On January 27, 2016, Fredericks, vice president for plaintiffs managing agent, nonparty Cohen Brothers Realty Corp. (CBRC), notified Ori Bukai (Bukai), defendant's president, that plaintiff had substantially completed the Landlord's Work and requested that defendant execute a "Commencement Date Agreement" (the CD A) (NYSCEF Doc No. 41, Fredericks aff, exhibit 2 at 3-4). The CDA set January 26, 2016, as the Rent Commencement Date and June 30, 2021, as the Expiration Date (id. at 2). Defendant did not sign the CDA.
By letter to defendant dated April 15, 2016, Andrew M. Smith (Smith), senior vice president at CBRC, repeated plaintiffs position that January 26, 2016, was the Rent Commencement Date whether or not the CDA was signed; rent for the "Partial Month" of January was due; defendant was entitled to a rent abatement for February through June; and defendant had to "Open for Business" by July 25, 2016, or else face a per diem charge of $356.15 as damages until it did so ((NYSCEF Doc No. 42, Fredericks aff, exhibit 3).
Defendant's counsel replied by letter on April 18, 2016, writing that defendant had toured the Premises on January 28 and determined that the Landlord's Work was neither substantially completed nor code compliant (NYSCEF Doc No. 43, Fredericks aff, exhibit 4). Defendant's counsel wrote that efforts to reach the building manager, John D. Woytowicz (Woytowicz), were futile, and as a result, defendant was exercising its right of rescission to terminate the Lease (id.).
Plaintiff commenced this action on October 5, 2016, by filing a summons and complaint pleading a single cause of action for breach of contract. It seeks to recover all rent due under Section 3.01 (a) of the Lease and monthly rent for February through June 2016 under Section 3.02 (b) (NYSCEF Doc No. 1, complaint ¶¶ 13). Defendant served an answer asserting nine affirmative defenses and three counterclaims for breach of contract, promissory estoppel and unjust enrichment. On the first counterclaim, defendant alleges that plaintiff breached the lease by failing to substantially complete the Landlord's Work, by failing to deliver possession of the Premises, by demanding that defendant work outside the Premises, and by failing to approve of defendant's architectural plans (NYSCEF Doc No. 6, answer ¶ 48). On the second counterclaim based on the theory of promissory estoppel, defendant alleges that it relied on plaintiff s promise to substantially complete the Landlord's Work before the Rent Commencement Date to its detriment (id., ¶ 63). On the third counterclaim, defendant alleges that plaintiff was unjustly enriched by refusing to return the security deposit and one month's rent (id., ¶¶ 69-72). Plaintiff has replied to the counterclaims (NYSCEF Doc No. 8).
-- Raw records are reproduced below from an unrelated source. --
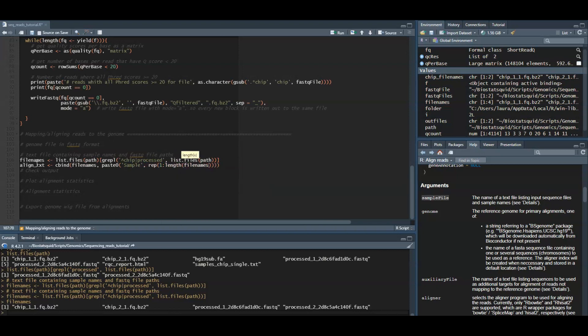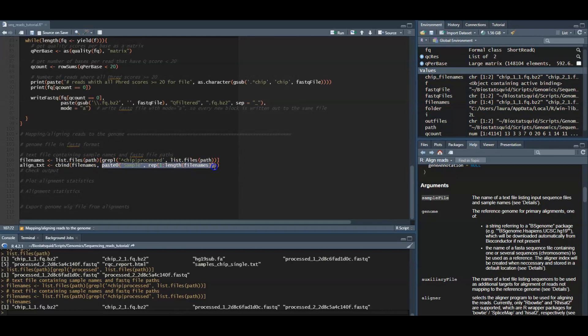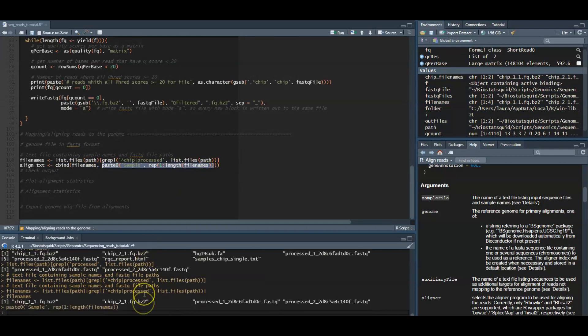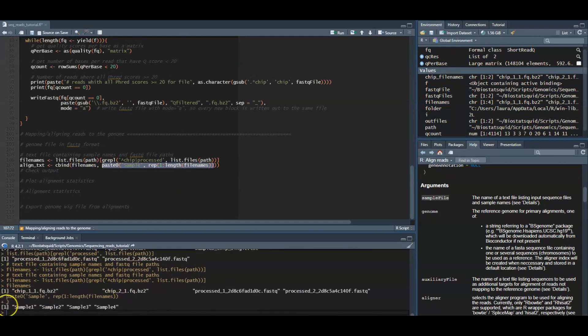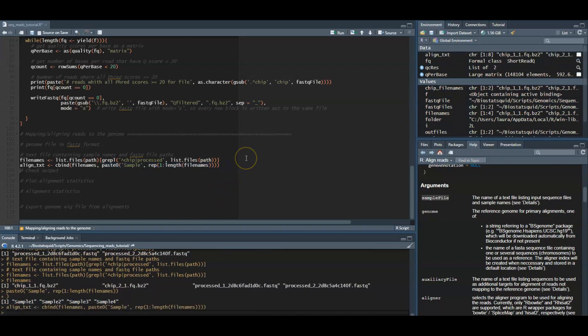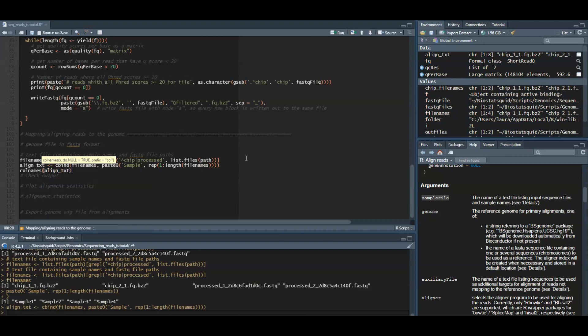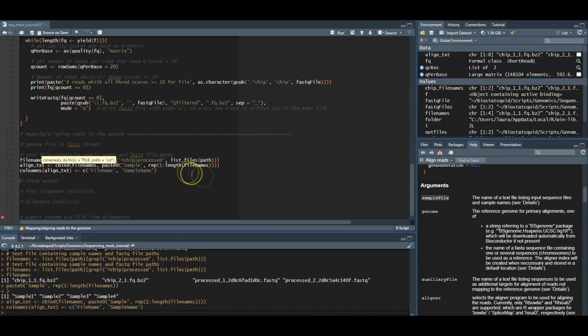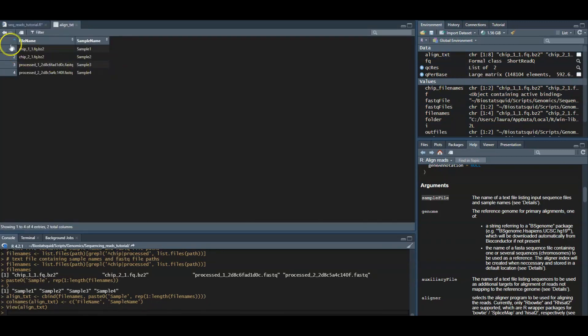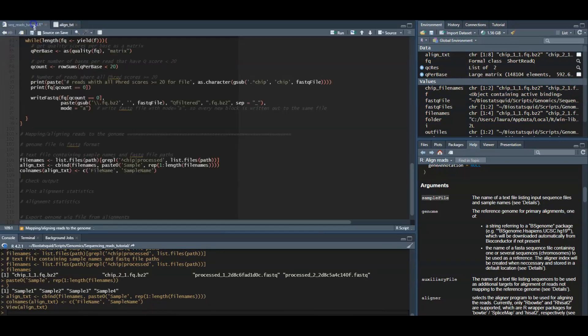Again, this is up to you, you can change your sample names to something a bit more informative. For example, chip one, chip two, processed one, process two, or whatever you'd like. We will use the cbind function to create a data frame which we assigned to the align text object. And now we just add column names to this data frame. As you can see, now we have the two column names, file name and sample name, and our data.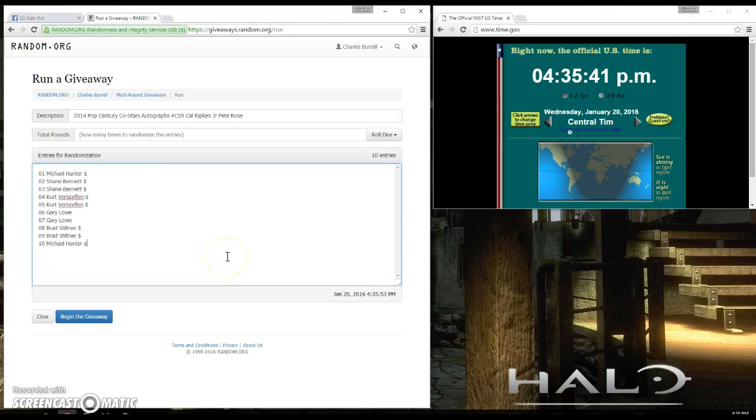Okay, we have Michael for one, Shane for two, Kurt for two, Gary for two, Brad for two, and Michael for another at the bottom.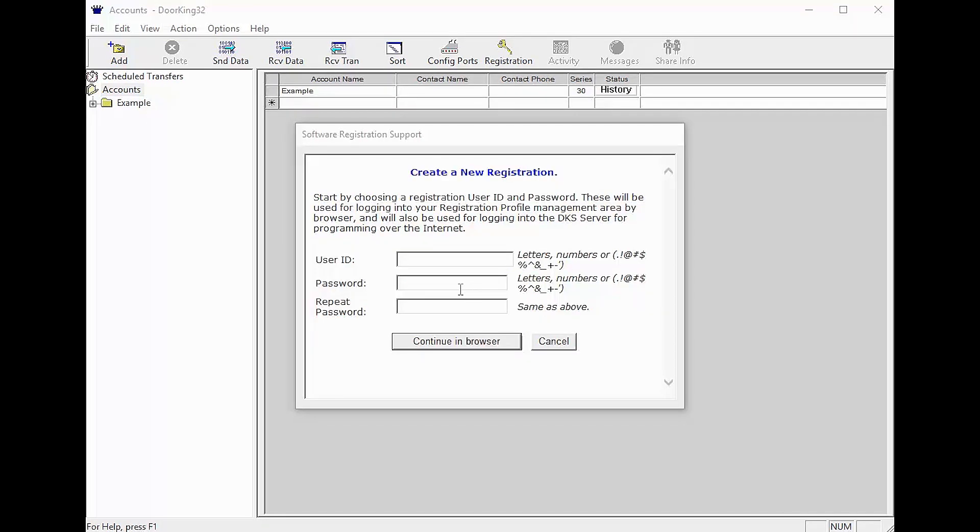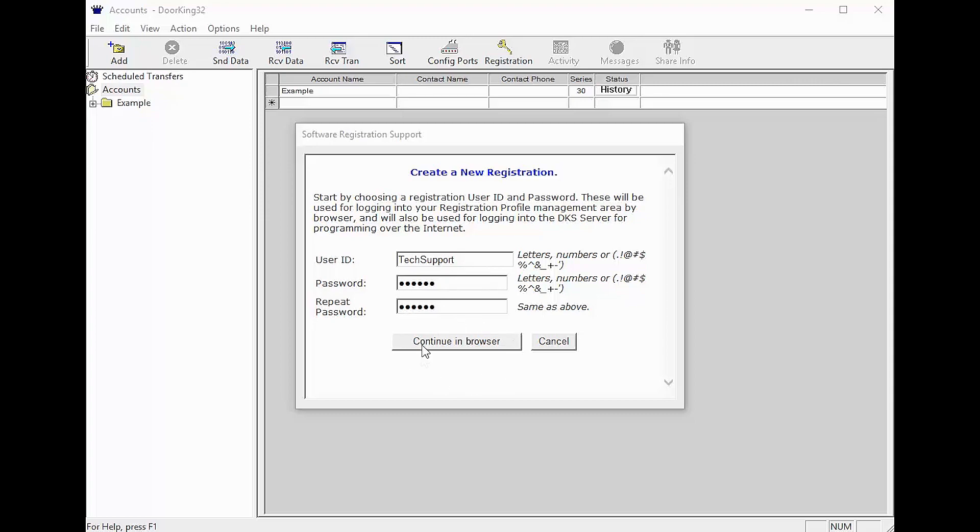Here we are asking you to create a unique user ID and password. Both the user ID and password are case sensitive. Once the user ID is chosen it cannot be changed. Also the password must be at least six characters long. Now that you have chosen your user ID and password, click the button continue in browser.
Plaintiff now moves for summary judgment on the complaint and for dismissal of defendant's affirmative defenses and counterclaims. The motion is supported by affidavits from Fredericks and Steven M. Cherniak (Cherniak); the Lease; Frederick's email from January 27; Smith's April 15 letter; and the April 18 response from defendant's counsel. Defendant opposes and cross-moves for summary judgment on its counterclaims. It relies on an affidavit from Bukai and email correspondence between the parties.
Discussion
A party moving for summary judgment under CPLR 3212 "must make a prima facie showing of entitlement to judgment as a matter of law, tendering sufficient evidence to demonstrate the absence of any material issues of fact" (Alvarez v Prospect Hosp., 68 N.Y.2d 320, 324 [1986]). The motion must "demonstrate the absence of genuine issues of material fact on every relevant issue raised by the pleadings, including any affirmative defenses" (Aimatop Rest, v Liberty Mut. Fire Ins. Co., 74 A.D.2d 516, 517 [1st Dept 1980]). The "facts must be viewed in the light most favorable to the non-moving party" (Vega v Restani Constr. Corp., 18 N.Y.3d 499, 503 [2012] [internal quotation marks and citation omitted]). Once the moving party has met this prima facie burden, the burden shifts to the non-moving party to furnish evidence in admissible form sufficient to raise a material issue of fact (Alvarez, 68 N.Y.2d at 324). The moving party's "[f]ailure to make such prima facie showing requires a denial of the motion, regardless of the sufficiency of the opposing papers" (id.).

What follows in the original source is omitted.